Johansson started making butter on the Isle of Wight and is in the process of relocating to Somerset. Along with Abernethy Butter in Northern Ireland and Fen Farm Dairy in Suffolk, he is one of a new band of UK-based artisanal producers reviving traditional styles. Fen Farm makes a raw milk cultured butter from its Montbeliarde and Friesian cows, alongside an award-winning Brie-style cheese called Baron Bigod.

If Diane St Clair’s Animal Farm creamery in Vermont is anything to go by, they have a profitable future ahead. Butter from St Clair fetches $50 a pound in the United States; it’s incredibly scarce, thanks largely to interest from top American chef Thomas Keller.

French butters such as Échiré and Beurre d’Isigny are paler than British ones partly because of the cattle breeds they rear (we tend to have more Jersey and Guernsey cows, which metabolise beta carotene in the grass more effectively to create a richer-coloured butter) and because fewer cows are grass fed.

Sheep and goat butters are generally paler, too, though carotene is another additive that can be added to butter, undeclared.

The other, more obvious difference is between salted and unsalted butter. Unsalted is recommended for baking and patisserie, but a wide variety of cooks choose it on the basis that they can then decide how much salt to use. It may depend more on what you want your butter for – and the time of day you use it. For breakfast, it may be a mild sweet butter you can enjoy with jam; for a lunchtime or evening snack with a few radishes and a glass of wine, salted butter – or at least butter sprinkled with salt – may be more apposite.

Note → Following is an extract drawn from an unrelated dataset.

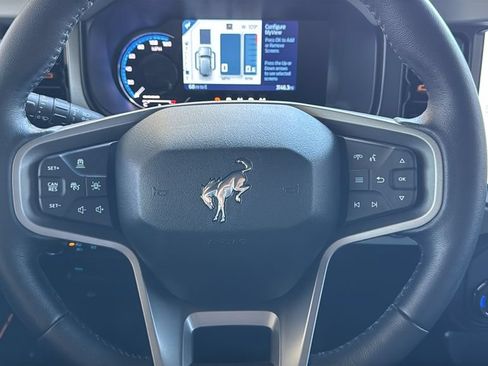 Certified 2022 Ford Bronco Badlands AWD/4WD image 10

But the most important factor in the appreciation of butter – as with cheese – is to serve it at room temperature. ‘People complain uselessly about the fact that butter is hard to spread,’ says Johansson. ‘Keep the butter in old-fashioned butter crocks or bells at room temperature, and it will be perfectly spreadable.”

Butter

Three ways to use butter

Whipped butter
Often spotted in hip restaurants, this is easy to make at home by beating milk or water into soft butter (easiest with an electric hand-held mixer), preserving the buttery taste but making it much airier and even dippable. You can also flavour it with fresh herbs or honey, maple syrup or brown sugar for a dessert butter. (See butterjournal.com for a useful list of recipes.)

Brown butter
Also known as beurre noisette, essentially this is butter heated until it is a nutty brown. (Obviously you need to watch it like a hawk to make sure it doesn’t burn.) You can use it in savoury dishes – the most famous being raie (skate) au beurre noir, where it’s cooked with lemon juice, parsley and capers – but it’s also a delicious substitute for butter in home-baked biscuits and shortbread.

Beurre manié
One of the oldest tricks in the French culinary repertoire, this ‘kneaded’ mixture of butter and flour is the perfect way to thicken a sauce or an English gravy without getting a floury taste or texture. Simply work 25g of flour into an equal amount of soft butter, whisk it into your pan juices over a low heat – et voilà!